Supplied records:
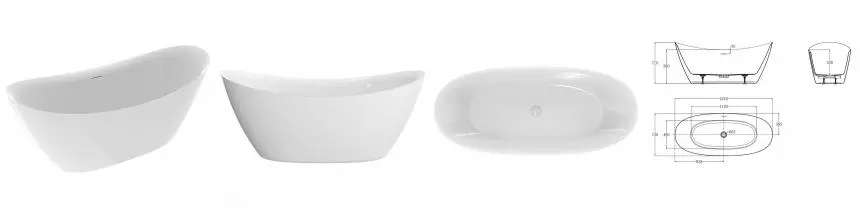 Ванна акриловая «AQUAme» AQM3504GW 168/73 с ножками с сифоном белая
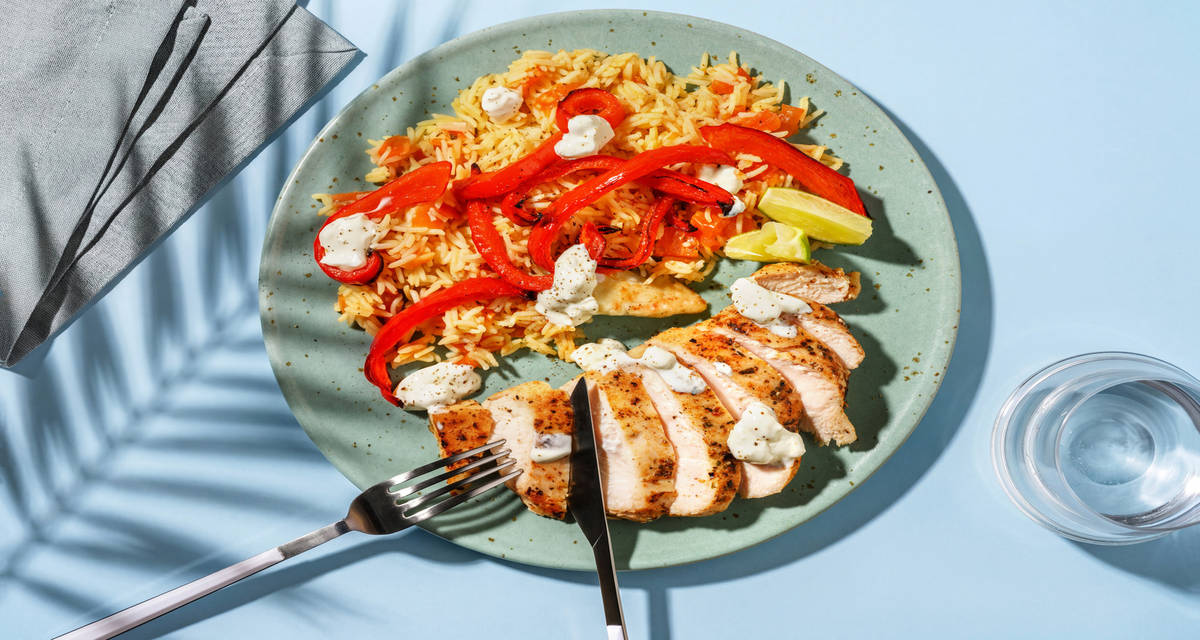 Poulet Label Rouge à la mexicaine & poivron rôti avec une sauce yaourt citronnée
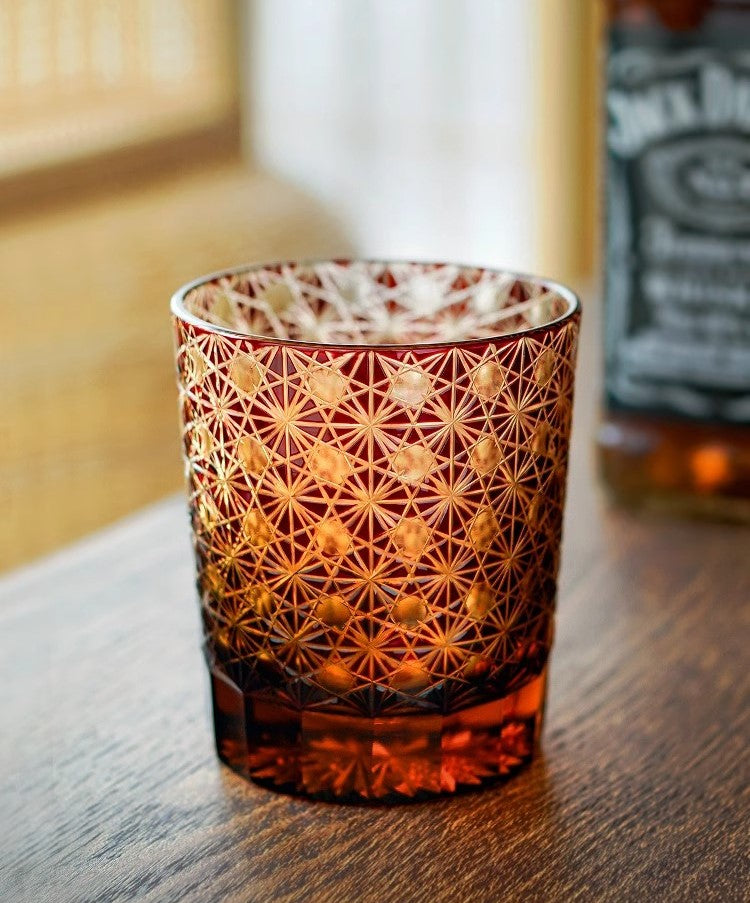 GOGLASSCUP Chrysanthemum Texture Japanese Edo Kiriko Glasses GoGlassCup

--

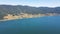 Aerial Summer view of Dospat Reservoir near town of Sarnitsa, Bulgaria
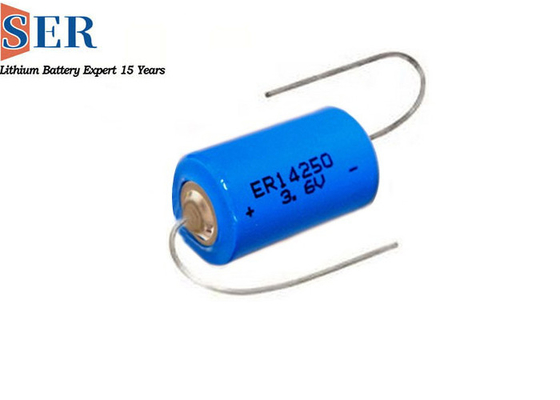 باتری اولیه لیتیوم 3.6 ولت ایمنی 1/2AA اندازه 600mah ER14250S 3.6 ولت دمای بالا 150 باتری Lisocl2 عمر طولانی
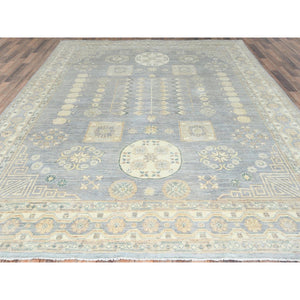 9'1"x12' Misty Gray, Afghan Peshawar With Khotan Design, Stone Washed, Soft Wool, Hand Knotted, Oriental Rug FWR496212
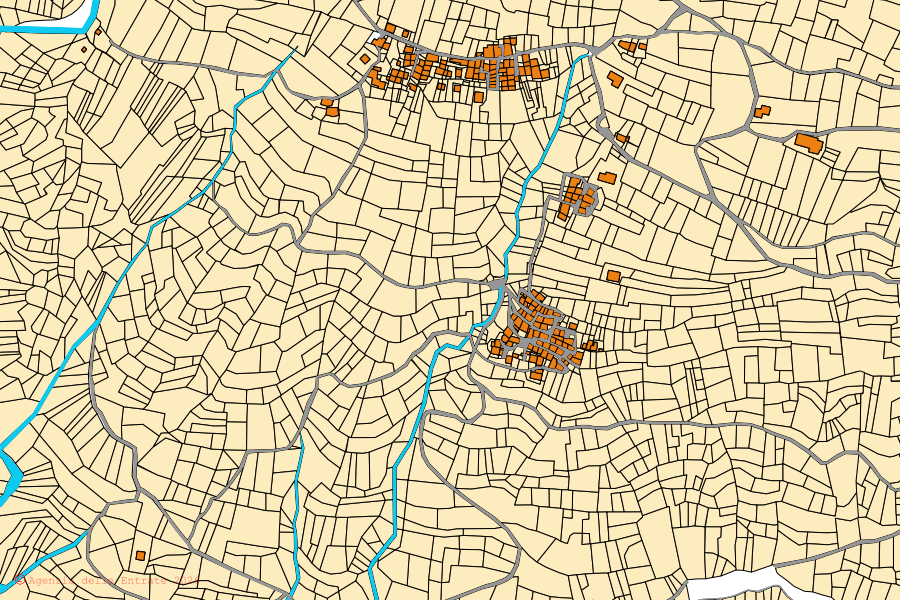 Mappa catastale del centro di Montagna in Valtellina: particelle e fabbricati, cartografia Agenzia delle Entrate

Directions: Above are some records. Reproduce the lines from the one with "с сифоном белая" down to the one with "GOGLASSCUP Chrysanthemum Texture", keeping both, and leave every picture out.

Solution:
 Ванна акриловая «AQUAme» AQM3504GW 168/73 с ножками с сифоном белая
 Poulet Label Rouge à la mexicaine & poivron rôti avec une sauce yaourt citronnée
 GOGLASSCUP Chrysanthemum Texture Japanese Edo Kiriko Glasses GoGlassCup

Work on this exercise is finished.